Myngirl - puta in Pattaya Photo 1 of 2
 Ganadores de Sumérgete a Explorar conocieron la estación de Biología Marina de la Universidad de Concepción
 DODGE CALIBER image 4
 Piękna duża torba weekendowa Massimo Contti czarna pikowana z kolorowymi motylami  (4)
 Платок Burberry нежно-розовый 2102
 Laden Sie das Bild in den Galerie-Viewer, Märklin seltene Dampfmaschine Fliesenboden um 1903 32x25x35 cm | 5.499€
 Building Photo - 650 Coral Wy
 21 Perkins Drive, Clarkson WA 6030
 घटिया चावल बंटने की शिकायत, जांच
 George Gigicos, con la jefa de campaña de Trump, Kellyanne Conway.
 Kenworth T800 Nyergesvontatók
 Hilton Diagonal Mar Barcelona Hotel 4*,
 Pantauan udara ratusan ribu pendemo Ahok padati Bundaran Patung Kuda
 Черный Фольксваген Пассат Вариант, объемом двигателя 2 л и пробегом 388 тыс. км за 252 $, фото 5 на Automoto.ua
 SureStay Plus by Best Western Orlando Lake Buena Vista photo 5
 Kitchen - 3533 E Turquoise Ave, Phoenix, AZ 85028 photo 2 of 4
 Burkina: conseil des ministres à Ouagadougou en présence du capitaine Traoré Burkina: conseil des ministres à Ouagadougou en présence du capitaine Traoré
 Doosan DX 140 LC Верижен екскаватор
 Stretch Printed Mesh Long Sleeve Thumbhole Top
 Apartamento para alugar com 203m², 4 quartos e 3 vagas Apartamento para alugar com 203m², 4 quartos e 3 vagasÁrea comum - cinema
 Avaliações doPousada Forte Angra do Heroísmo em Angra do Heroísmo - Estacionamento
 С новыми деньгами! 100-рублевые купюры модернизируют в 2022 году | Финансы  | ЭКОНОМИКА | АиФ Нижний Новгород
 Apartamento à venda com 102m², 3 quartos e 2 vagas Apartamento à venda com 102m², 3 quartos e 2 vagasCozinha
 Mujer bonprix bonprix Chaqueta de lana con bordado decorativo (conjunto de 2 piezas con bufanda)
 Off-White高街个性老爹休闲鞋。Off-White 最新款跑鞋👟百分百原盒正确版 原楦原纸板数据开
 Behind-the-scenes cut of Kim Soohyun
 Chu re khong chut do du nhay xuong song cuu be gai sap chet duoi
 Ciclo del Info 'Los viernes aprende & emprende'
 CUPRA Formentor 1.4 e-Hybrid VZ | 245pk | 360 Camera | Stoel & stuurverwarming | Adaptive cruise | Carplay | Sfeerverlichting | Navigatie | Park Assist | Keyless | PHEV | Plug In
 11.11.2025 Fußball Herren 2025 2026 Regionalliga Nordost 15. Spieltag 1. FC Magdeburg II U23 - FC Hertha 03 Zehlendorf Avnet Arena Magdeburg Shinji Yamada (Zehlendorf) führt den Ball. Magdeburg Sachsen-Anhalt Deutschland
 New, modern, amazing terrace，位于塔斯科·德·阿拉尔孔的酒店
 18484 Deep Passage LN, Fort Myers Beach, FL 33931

• [EXERCISE DIRECTIONS]: Write out the records exactly, starting at the first line and stopping after the line that contains "Mujer bonprix bonprix".

• [RESULT FOR THIS TASK]:
Myngirl - puta in Pattaya Photo 1 of 2
 Ganadores de Sumérgete a Explorar conocieron la estación de Biología Marina de la Universidad de Concepción
 DODGE CALIBER image 4
 Piękna duża torba weekendowa Massimo Contti czarna pikowana z kolorowymi motylami  (4)
 Платок Burberry нежно-розовый 2102
 Laden Sie das Bild in den Galerie-Viewer, Märklin seltene Dampfmaschine Fliesenboden um 1903 32x25x35 cm | 5.499€
 Building Photo - 650 Coral Wy
 21 Perkins Drive, Clarkson WA 6030
 घटिया चावल बंटने की शिकायत, जांच
 George Gigicos, con la jefa de campaña de Trump, Kellyanne Conway.
 Kenworth T800 Nyergesvontatók
 Hilton Diagonal Mar Barcelona Hotel 4*,
 Pantauan udara ratusan ribu pendemo Ahok padati Bundaran Patung Kuda
 Черный Фольксваген Пассат Вариант, объемом двигателя 2 л и пробегом 388 тыс. км за 252 $, фото 5 на Automoto.ua
 SureStay Plus by Best Western Orlando Lake Buena Vista photo 5
 Kitchen - 3533 E Turquoise Ave, Phoenix, AZ 85028 photo 2 of 4
 Burkina: conseil des ministres à Ouagadougou en présence du capitaine Traoré Burkina: conseil des ministres à Ouagadougou en présence du capitaine Traoré
 Doosan DX 140 LC Верижен екскаватор
 Stretch Printed Mesh Long Sleeve Thumbhole Top
 Apartamento para alugar com 203m², 4 quartos e 3 vagas Apartamento para alugar com 203m², 4 quartos e 3 vagasÁrea comum - cinema
 Avaliações doPousada Forte Angra do Heroísmo em Angra do Heroísmo - Estacionamento
 С новыми деньгами! 100-рублевые купюры модернизируют в 2022 году | Финансы  | ЭКОНОМИКА | АиФ Нижний Новгород
 Apartamento à venda com 102m², 3 quartos e 2 vagas Apartamento à venda com 102m², 3 quartos e 2 vagasCozinha
 Mujer bonprix bonprix Chaqueta de lana con bordado decorativo (conjunto de 2 piezas con bufanda)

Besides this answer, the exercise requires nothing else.